> _INFORMATION PROVIDED_
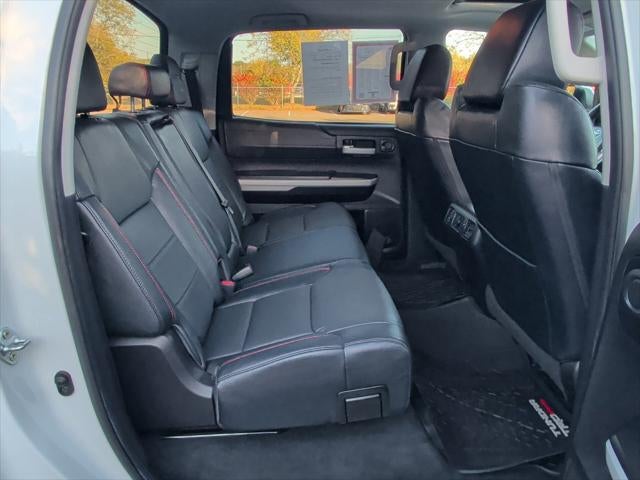 2021 Toyota Tundra TRD Pro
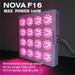 NOVA Hydroponics LED Grow Light, Plant Growth Lamp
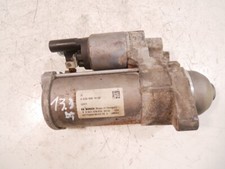 Anlasser f&uuml;r Mercedes W213 S213 2,0 E 220 d OM 654.920 OM654 A6549061400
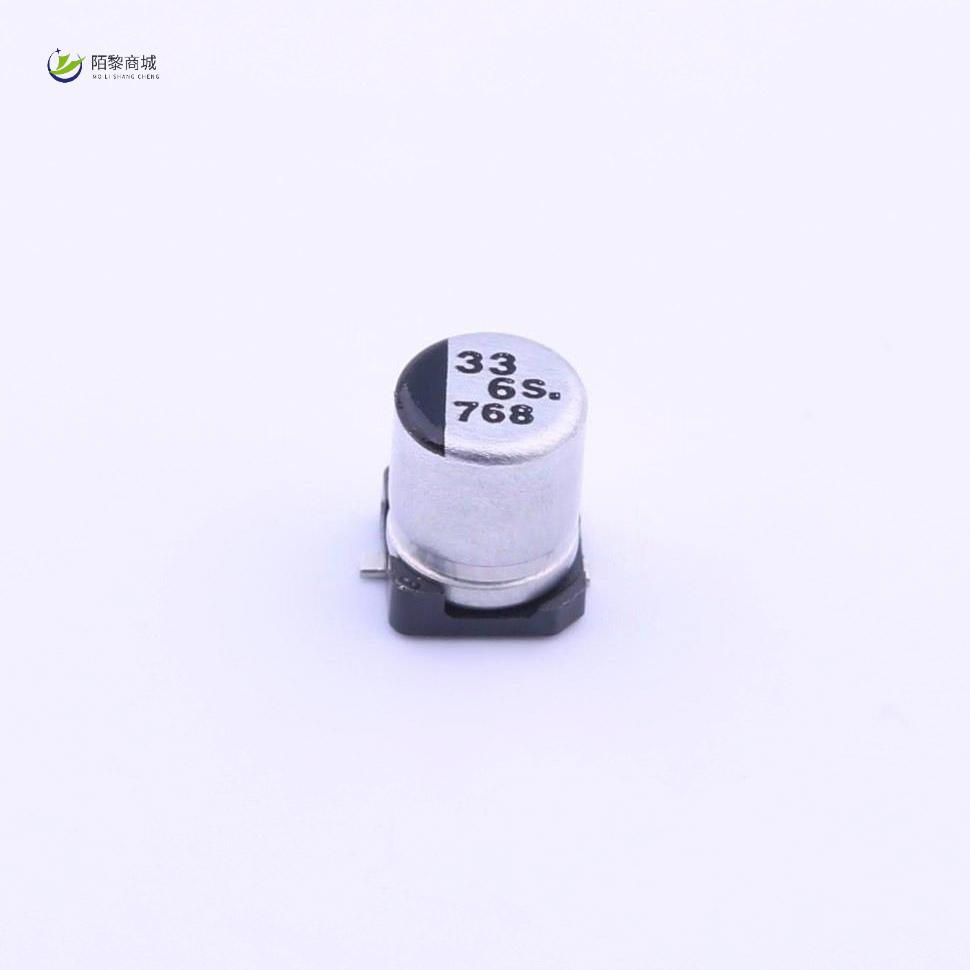 全新原装EEE0JA330WR正品/33uF ±20% 6.3V
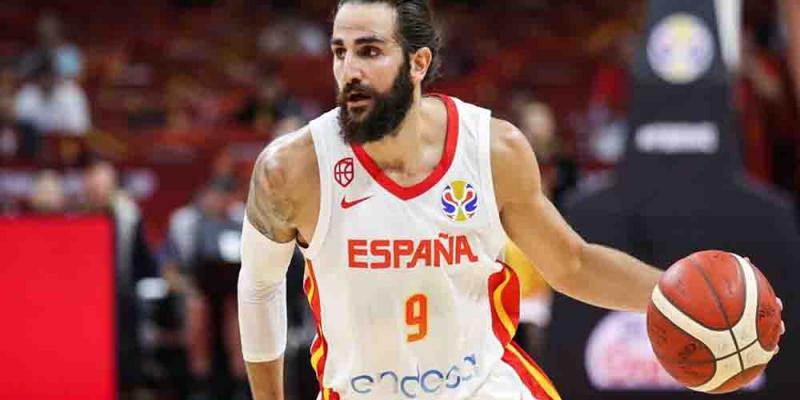 Ricky Rubio tendrá una sección en CLAN TV donde promocionará el deporte entre los niños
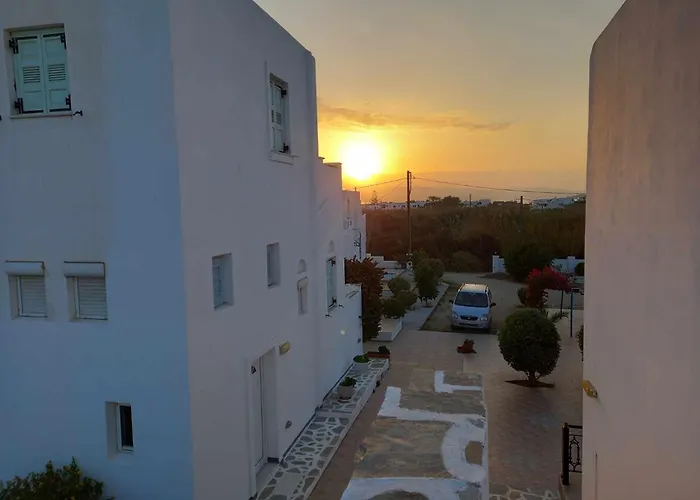 Apartment Sophi's L & *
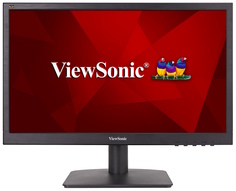 18.5" Монитор ViewSonic VA1903A Black 75Hz 1366x768 VA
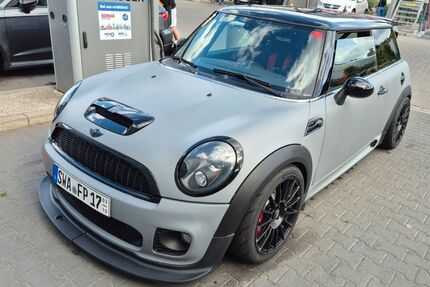 Mini John Cooper Works Gebrauchtwagen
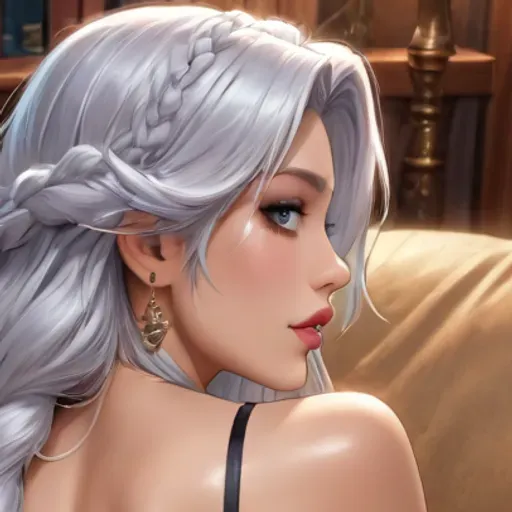 โปรแกรมสร้างภาพโปรนที่ใช้ปัญหา AI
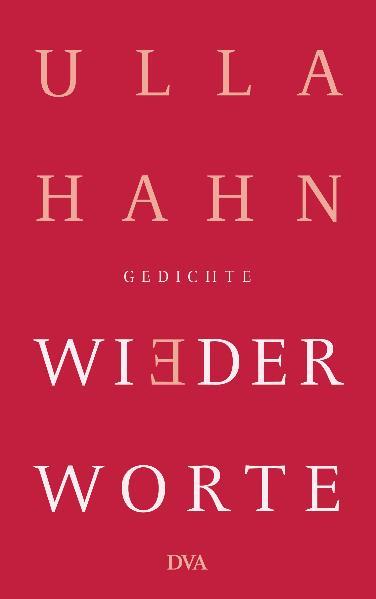 Produktbild Wiederworte (Deutsch, Ulla Hahn, 2011)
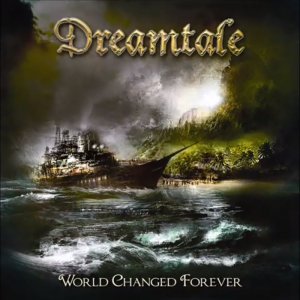 Dreamtale - World Changed Forever (Front Cover).jpg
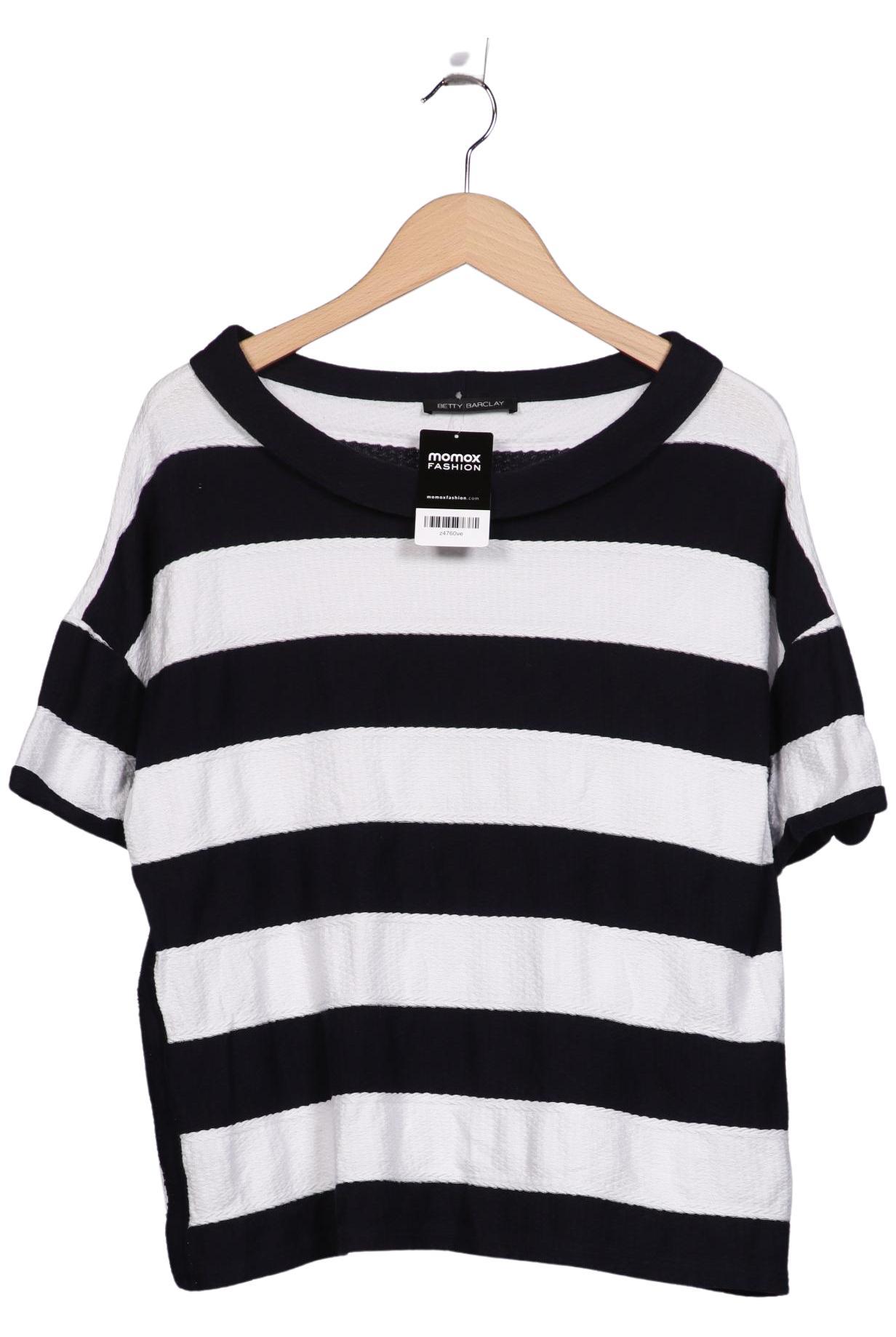 

Betty Barclay Damen Sweatshirt, mehrfarbig, Gr. 44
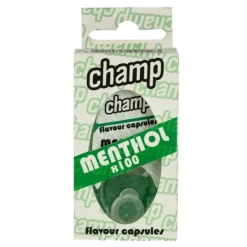 New Billes menthol pour cigarette Accessoire Fumeur
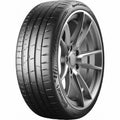 CONTINENTAL SPORTCONTACT7 265/35 R18 97Y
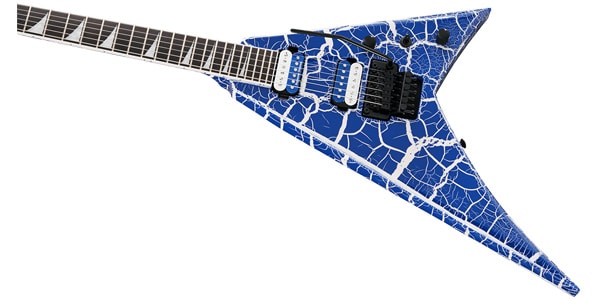 JACKSON ( ジャクソン )  / RR24 Lightning Crackle画像3
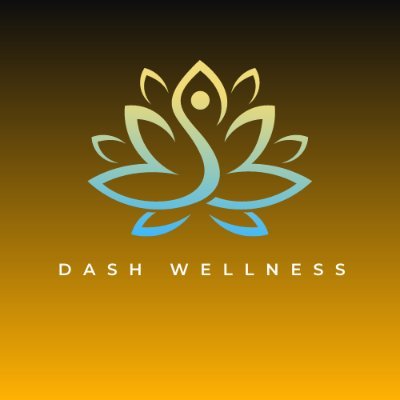 dash_wellness's profile picture. 🧠 Mental Health, 💪Fitness, & 🥗 Nutrition All in One App. Travel on a Holistic Journey With Us!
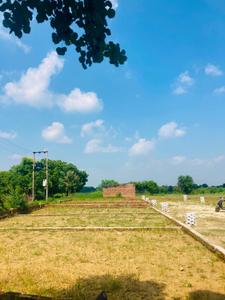 Image of 1000 Sq.ft Residential Plot / Land for sale in Harhua, Varanasi for Rs. 3300000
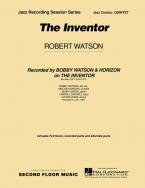 The Inventor (For Dad) 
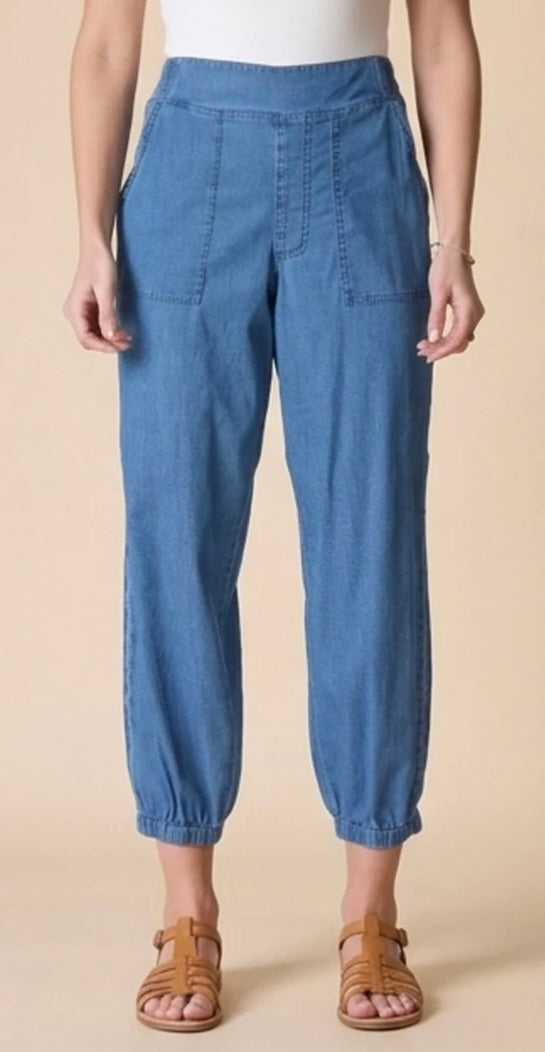 Perfect Travel Jogger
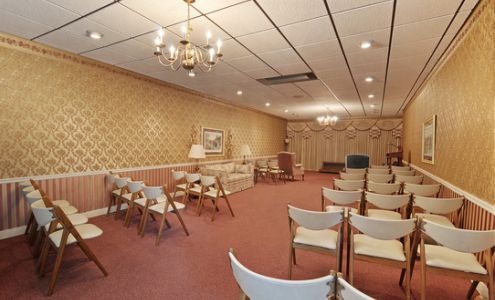 Stevens & Grass Funeral Home 4203 Salines Dr, Malden West Virginia 25306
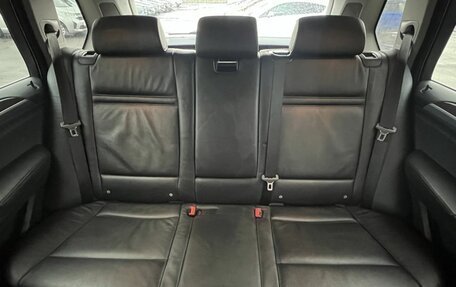 BMW X5, 2008 год, 1 555 000 рублей, 23 фотография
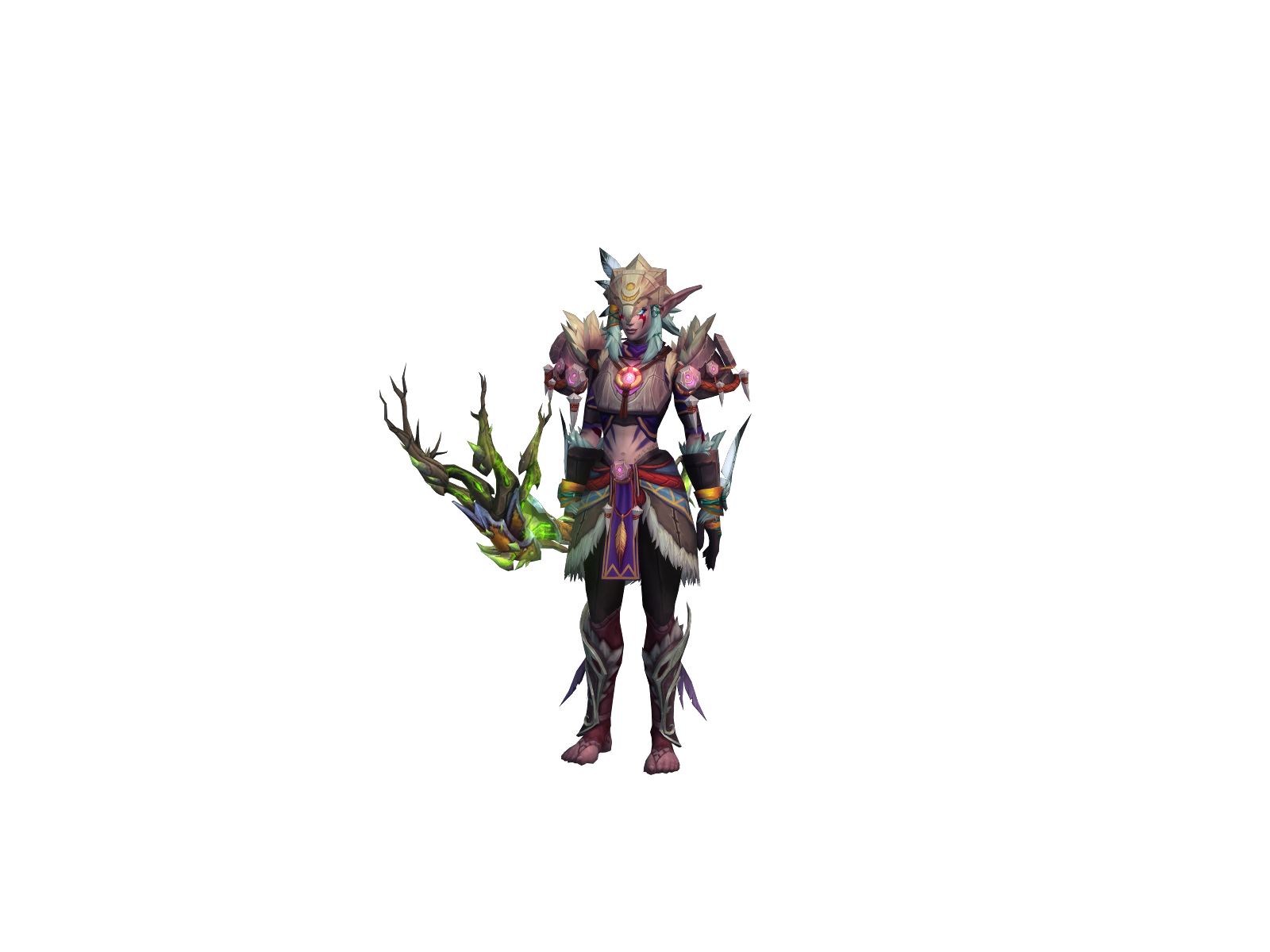 Starsurgeon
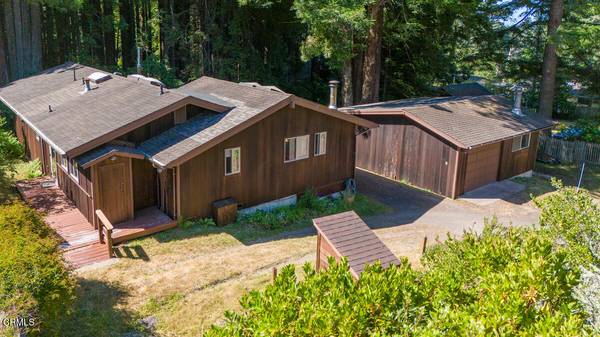 44581 Little River Airport Road Road, Little River, CA 95456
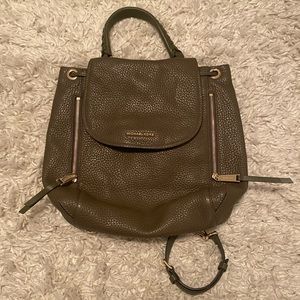 Womens Michael kors backpack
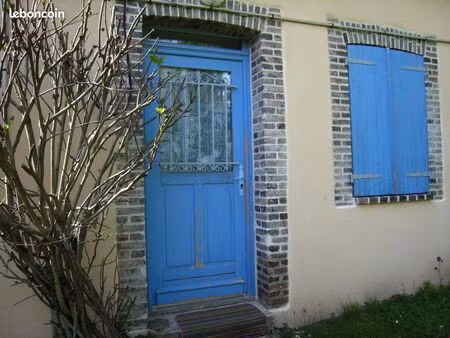 studio (t1) logement appartement aix en othe centre-ville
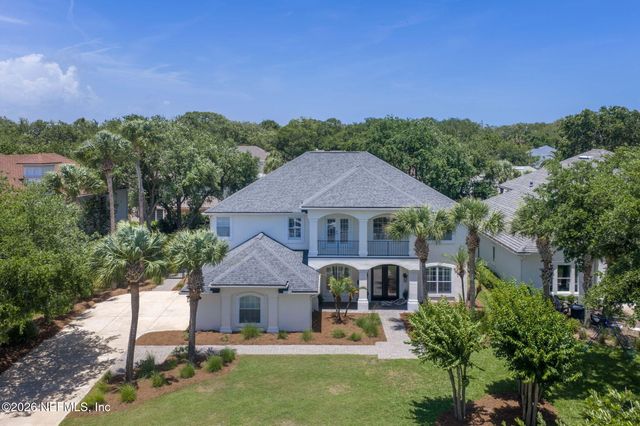 329 N SEA LAKE Lane, Ponte Vedra Beach, FL 32082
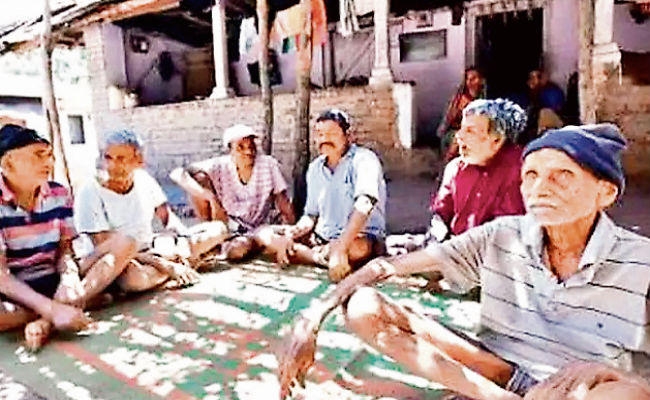 मतदान से नहीं चूकता यह गांव, 100% वोटिंग का रहता है रिकॉर्ड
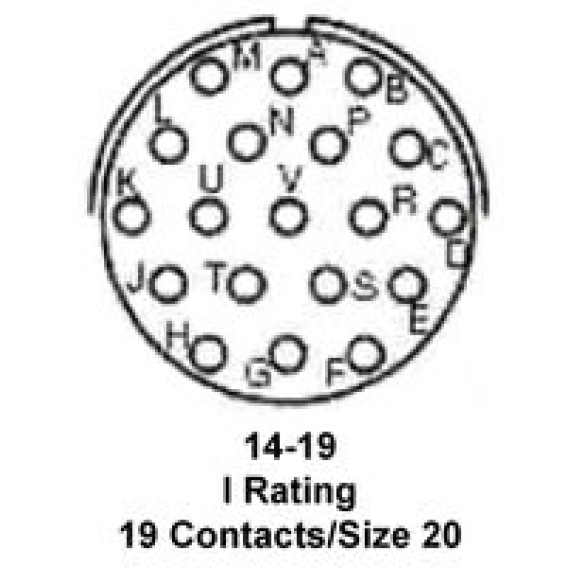 PT06P14-19S-SR
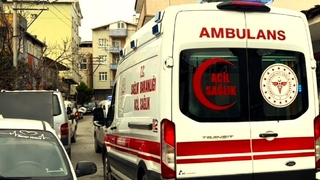 Silahını temizlerken kendini vurdu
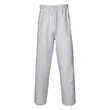 Badger Youth Open-Bottom Sweatpants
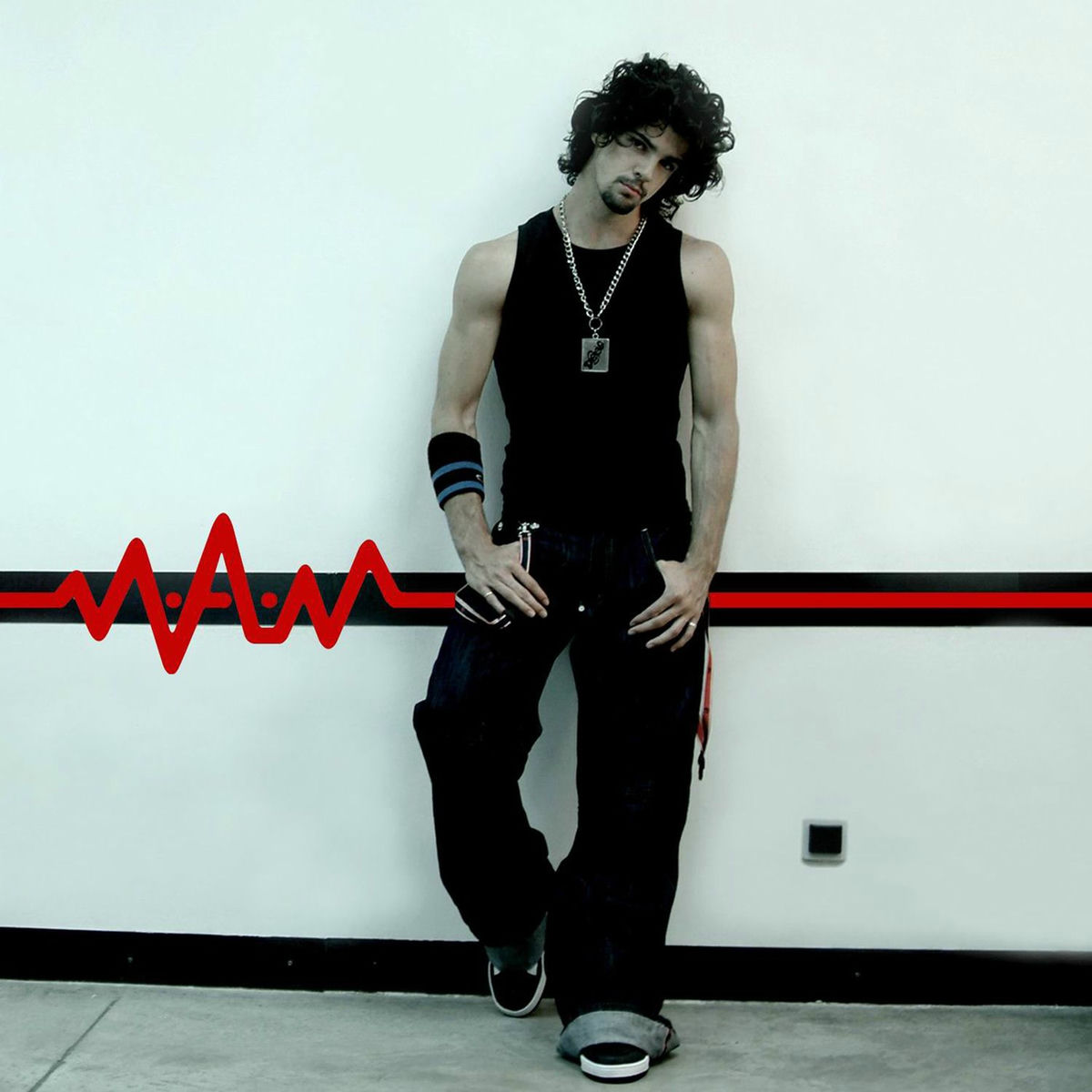 Album cover of Quien es el Ladrón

> _EXERCISE PROMPT_
Copy only what lies between the line with "Produktbild Wiederworte (Deutsch, Ulla" and the line with "Womens Michael kors backpack", those two lines included, exactly as given above; pictures stay out.

> _RESPONSE TO THE TASK_
 Produktbild Wiederworte (Deutsch, Ulla Hahn, 2011)
 Dreamtale - World Changed Forever (Front Cover).jpg

Betty Barclay Damen Sweatshirt, mehrfarbig, Gr. 44
 New Billes menthol pour cigarette Accessoire Fumeur
 CONTINENTAL SPORTCONTACT7 265/35 R18 97Y
 JACKSON ( ジャクソン )  / RR24 Lightning Crackle画像3
 dash_wellness's profile picture. 🧠 Mental Health, 💪Fitness, & 🥗 Nutrition All in One App. Travel on a Holistic Journey With Us!
 Image of 1000 Sq.ft Residential Plot / Land for sale in Harhua, Varanasi for Rs. 3300000
 The Inventor (For Dad) 
 Perfect Travel Jogger
 Stevens & Grass Funeral Home 4203 Salines Dr, Malden West Virginia 25306
 BMW X5, 2008 год, 1 555 000 рублей, 23 фотография
 Starsurgeon
 44581 Little River Airport Road Road, Little River, CA 95456
 Womens Michael kors backpack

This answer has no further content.